Your answer should be the exact lines of the data below from the one containing "an outdoor patio" through the one containing "Ein großzügiger Wohnbereich"; please include nothing else.

━━━━━ Available data

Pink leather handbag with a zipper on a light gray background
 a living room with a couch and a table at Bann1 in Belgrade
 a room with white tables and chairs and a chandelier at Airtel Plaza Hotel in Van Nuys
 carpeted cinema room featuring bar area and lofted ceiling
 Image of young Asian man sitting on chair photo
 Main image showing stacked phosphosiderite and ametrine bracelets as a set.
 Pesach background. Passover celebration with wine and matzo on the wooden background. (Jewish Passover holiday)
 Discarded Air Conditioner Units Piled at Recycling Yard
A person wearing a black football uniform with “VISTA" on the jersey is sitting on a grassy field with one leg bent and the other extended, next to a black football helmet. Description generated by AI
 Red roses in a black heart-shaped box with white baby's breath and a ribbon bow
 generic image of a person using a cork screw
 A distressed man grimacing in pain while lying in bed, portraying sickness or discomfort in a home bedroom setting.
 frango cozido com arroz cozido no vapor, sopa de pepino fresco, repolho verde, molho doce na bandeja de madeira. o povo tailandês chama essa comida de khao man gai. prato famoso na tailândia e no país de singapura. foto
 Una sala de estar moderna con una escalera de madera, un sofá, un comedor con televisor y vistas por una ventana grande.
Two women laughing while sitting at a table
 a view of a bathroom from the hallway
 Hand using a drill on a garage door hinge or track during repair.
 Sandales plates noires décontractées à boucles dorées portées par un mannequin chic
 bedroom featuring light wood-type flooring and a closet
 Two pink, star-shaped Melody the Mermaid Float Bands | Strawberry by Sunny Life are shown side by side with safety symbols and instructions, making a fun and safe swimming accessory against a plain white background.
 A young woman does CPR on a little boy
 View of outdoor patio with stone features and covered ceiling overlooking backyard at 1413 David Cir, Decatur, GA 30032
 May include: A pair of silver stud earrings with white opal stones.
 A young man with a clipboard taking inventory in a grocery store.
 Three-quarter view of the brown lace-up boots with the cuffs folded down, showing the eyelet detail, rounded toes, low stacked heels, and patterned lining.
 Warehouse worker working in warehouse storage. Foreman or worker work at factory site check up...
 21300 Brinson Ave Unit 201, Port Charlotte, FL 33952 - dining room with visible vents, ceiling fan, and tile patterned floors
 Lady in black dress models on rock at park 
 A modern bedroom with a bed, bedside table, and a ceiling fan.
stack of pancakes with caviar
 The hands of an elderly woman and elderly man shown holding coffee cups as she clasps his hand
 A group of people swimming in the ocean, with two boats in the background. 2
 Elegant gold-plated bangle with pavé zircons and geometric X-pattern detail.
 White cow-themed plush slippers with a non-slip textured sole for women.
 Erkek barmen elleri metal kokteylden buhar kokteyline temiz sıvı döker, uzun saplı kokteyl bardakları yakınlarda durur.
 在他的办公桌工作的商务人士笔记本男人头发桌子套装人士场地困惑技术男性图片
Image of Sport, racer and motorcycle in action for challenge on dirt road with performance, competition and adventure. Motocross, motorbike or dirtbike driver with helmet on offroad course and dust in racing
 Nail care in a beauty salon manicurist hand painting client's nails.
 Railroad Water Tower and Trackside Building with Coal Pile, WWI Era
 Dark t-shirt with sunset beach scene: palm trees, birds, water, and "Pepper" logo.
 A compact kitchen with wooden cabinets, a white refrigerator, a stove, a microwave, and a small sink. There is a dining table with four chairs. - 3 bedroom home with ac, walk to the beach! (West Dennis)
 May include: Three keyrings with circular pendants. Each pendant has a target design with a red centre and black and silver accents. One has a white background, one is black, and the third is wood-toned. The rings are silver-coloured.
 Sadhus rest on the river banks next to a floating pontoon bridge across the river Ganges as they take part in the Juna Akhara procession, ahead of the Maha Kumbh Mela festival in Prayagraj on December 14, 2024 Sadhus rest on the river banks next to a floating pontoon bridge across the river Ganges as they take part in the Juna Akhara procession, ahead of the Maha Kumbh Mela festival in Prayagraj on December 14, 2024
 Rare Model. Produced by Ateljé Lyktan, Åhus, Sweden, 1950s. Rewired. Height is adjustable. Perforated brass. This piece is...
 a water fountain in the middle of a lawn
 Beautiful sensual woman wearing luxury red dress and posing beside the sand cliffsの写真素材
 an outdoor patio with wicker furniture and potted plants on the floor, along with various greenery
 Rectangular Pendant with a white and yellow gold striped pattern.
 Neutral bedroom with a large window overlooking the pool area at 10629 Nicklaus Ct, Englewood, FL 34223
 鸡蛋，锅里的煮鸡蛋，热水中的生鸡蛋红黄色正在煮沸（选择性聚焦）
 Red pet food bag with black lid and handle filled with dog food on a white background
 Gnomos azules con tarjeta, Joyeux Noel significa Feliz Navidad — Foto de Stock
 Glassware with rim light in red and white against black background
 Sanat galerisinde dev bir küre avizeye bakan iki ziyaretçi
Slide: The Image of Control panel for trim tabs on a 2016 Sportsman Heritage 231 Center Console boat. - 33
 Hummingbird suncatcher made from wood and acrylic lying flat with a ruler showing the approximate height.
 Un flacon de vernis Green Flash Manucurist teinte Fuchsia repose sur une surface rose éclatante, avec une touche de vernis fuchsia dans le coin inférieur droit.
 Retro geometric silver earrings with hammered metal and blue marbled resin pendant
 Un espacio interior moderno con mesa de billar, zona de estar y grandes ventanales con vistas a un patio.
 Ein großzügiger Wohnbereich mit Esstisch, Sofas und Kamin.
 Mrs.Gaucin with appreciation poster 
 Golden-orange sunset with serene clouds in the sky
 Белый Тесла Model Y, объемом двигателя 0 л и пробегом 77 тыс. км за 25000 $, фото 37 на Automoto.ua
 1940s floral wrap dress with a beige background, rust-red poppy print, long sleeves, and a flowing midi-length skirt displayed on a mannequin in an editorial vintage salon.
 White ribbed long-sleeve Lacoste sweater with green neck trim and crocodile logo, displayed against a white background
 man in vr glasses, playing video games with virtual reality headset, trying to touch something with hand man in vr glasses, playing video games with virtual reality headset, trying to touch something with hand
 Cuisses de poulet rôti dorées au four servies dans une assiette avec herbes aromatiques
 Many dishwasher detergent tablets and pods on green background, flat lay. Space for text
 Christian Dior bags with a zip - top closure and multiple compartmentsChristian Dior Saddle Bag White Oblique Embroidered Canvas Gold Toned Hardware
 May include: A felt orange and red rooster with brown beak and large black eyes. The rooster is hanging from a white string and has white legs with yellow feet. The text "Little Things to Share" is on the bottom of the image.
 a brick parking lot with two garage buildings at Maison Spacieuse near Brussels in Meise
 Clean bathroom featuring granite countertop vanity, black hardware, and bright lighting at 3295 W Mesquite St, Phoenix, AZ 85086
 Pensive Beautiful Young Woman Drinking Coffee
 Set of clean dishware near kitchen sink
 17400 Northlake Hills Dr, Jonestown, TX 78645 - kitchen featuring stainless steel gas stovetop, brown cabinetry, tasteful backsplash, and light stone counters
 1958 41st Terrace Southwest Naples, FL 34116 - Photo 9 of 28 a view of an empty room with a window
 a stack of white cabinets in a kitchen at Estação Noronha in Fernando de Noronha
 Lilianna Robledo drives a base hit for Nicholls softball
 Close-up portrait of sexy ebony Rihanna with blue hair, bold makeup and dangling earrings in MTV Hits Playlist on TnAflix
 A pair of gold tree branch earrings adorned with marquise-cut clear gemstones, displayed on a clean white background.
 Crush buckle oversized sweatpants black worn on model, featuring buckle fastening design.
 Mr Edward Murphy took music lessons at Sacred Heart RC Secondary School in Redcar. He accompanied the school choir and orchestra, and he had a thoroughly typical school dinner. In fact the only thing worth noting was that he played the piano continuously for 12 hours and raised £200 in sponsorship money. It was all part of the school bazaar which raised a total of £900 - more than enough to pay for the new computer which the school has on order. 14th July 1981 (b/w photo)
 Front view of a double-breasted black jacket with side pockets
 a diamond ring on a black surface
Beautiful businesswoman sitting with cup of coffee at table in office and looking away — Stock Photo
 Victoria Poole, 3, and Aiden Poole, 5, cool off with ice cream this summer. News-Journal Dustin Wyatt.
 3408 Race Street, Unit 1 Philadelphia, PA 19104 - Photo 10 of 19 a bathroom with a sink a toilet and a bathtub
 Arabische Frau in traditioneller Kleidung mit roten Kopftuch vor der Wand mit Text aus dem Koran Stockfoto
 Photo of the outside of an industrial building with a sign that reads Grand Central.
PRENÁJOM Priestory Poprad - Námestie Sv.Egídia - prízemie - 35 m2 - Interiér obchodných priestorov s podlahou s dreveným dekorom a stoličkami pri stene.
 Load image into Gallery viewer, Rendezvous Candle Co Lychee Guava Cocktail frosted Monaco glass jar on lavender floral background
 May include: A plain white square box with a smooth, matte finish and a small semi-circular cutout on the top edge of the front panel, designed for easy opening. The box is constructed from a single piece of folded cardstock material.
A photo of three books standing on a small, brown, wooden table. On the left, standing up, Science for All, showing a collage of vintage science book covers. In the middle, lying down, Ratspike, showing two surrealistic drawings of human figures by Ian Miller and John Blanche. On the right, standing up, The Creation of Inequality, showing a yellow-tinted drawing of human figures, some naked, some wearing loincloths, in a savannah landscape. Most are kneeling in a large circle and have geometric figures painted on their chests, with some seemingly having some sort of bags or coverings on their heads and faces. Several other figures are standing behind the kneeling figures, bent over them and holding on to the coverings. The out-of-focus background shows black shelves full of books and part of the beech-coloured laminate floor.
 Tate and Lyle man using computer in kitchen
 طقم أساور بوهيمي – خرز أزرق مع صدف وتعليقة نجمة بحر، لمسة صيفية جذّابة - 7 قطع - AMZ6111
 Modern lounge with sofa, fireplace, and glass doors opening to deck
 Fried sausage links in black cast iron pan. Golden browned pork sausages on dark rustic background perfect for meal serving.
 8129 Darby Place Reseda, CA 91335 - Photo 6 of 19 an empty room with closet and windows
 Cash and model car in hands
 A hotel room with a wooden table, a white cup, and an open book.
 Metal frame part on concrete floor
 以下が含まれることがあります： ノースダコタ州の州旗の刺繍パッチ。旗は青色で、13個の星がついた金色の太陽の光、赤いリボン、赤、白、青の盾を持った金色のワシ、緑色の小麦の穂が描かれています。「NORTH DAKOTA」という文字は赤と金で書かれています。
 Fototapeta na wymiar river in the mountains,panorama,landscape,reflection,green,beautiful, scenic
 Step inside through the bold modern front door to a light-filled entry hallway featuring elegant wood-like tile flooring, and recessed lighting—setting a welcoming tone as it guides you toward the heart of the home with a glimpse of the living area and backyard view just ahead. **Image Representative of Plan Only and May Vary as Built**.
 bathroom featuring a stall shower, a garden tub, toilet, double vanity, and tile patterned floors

━━━━━━━━━━

▶ [Exercise solution]:
 an outdoor patio with wicker furniture and potted plants on the floor, along with various greenery
 Rectangular Pendant with a white and yellow gold striped pattern.
 Neutral bedroom with a large window overlooking the pool area at 10629 Nicklaus Ct, Englewood, FL 34223
 鸡蛋，锅里的煮鸡蛋，热水中的生鸡蛋红黄色正在煮沸（选择性聚焦）
 Red pet food bag with black lid and handle filled with dog food on a white background
 Gnomos azules con tarjeta, Joyeux Noel significa Feliz Navidad — Foto de Stock
 Glassware with rim light in red and white against black background
 Sanat galerisinde dev bir küre avizeye bakan iki ziyaretçi
Slide: The Image of Control panel for trim tabs on a 2016 Sportsman Heritage 231 Center Console boat. - 33
 Hummingbird suncatcher made from wood and acrylic lying flat with a ruler showing the approximate height.
 Un flacon de vernis Green Flash Manucurist teinte Fuchsia repose sur une surface rose éclatante, avec une touche de vernis fuchsia dans le coin inférieur droit.
 Retro geometric silver earrings with hammered metal and blue marbled resin pendant
 Un espacio interior moderno con mesa de billar, zona de estar y grandes ventanales con vistas a un patio.
 Ein großzügiger Wohnbereich mit Esstisch, Sofas und Kamin.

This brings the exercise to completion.